August 23rd, 2011
01:29 PM ET
Every weekday, a CNNHealth expert doctor answers a viewer question. On Tuesdays, it's Dr. Charles Raison, an associate professor of psychiatry and behavioral sciences at Emory University, and an expert in the mind-body connection for health.
Question asked by Benjamin from St. Catharines, Ontario
I was wondering if my brother, who we have been told is bipolar, could develop schizophrenia? My uncle, my mom's brother, was schizophrenic and unfortunately fell victim to the mental illness. We are aware that there have been some mental health issues with males on my mother's side of the family, so could it be possible that he could be schizophrenic as well as bipolar?
Your question points to a major problem confronting the field of psychiatry, which is the imprecision of our diagnostic categories. The problem has a simple cause but no simple answer.
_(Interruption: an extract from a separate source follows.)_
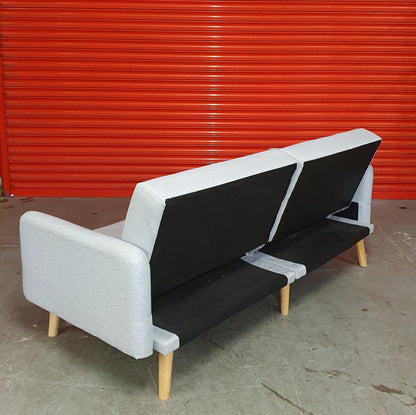Grey Modern Click-Clack 2 Seater Sofa Bed - 103727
The cause comes from the fact that all our disease states are based on symptoms and how they are clustered together, rather than on any real biological mechanism.
In this way, our diagnoses are similar to the way most medical illnesses were defined before the 20th century. For example, in the old days people with fluid in the lungs and chest pain were said to have pleurisy - it was defined by its symptoms.
Nowadays we recognize literally hundreds of different reasons for pleurisy symptoms, many of them with specific treatments that have no effect on other causes for pleurisy.
Diseases such as schizophrenia and bipolar disorder are like pleurisy and not like adenocarcinoma of the lung or pneumococcal pneumonia or an aortic dissection, all of which cause pleurisy, but all of which are disease conditions based on an understanding of physical mechanisms rather than symptoms.
Both schizophrenia and bipolar disorder are better thought of as syndromes rather than specific diseases. As such, someone has schizophrenia if he or she meets symptom criteria for schizophrenia spelled out in the diagnostic manual. The same thing holds for bipolar disorder.
It sounds simple enough, but things immediately get complicated. First, schizophrenia and bipolar disorder share important symptoms; for example, psychotic thought and behavior can be present in both conditions, making the syndromes hard to differentiate.
If a person is heavy on psychosis and relatively light on either depression or mania, he or she looks schizophrenic and is called such. If a person is heavier on depressions and manias and only has psychotic episodes when in a mood state, he or she looks more like someone with bipolar disorder and is called such.
To add to our diagnostic troubles, over time many people's symptom patterns swing from mostly psychotic to mostly mood-related and back again, making them sometimes seem schizophrenic and sometimes bipolar. And other people spend most of their lives in an intermediate state, with lots of psychosis and lots of depression or mania, but not enough to be fully bipolar. These people are called schizoaffective.
By definition, a person can't have bipolar disorder and schizophrenia at the same time. But a person can sure struggle for years with psychosis, odd behavior and mood swings and be hard to classify clearly into one diagnosis or the other, which sounds to be the case with your brother.
In the midst of these complications, there is some good news. More important than his exact diagnosis (which is after all only a description of his symptoms and how they cluster over time) is the fact that both schizophrenia and bipolar disorder respond to similar medications.
The important thing is not his diagnosis, but his need to get into - or remain in - consistent treatment, which offers the best hope of providing a hopeful long-term outcome.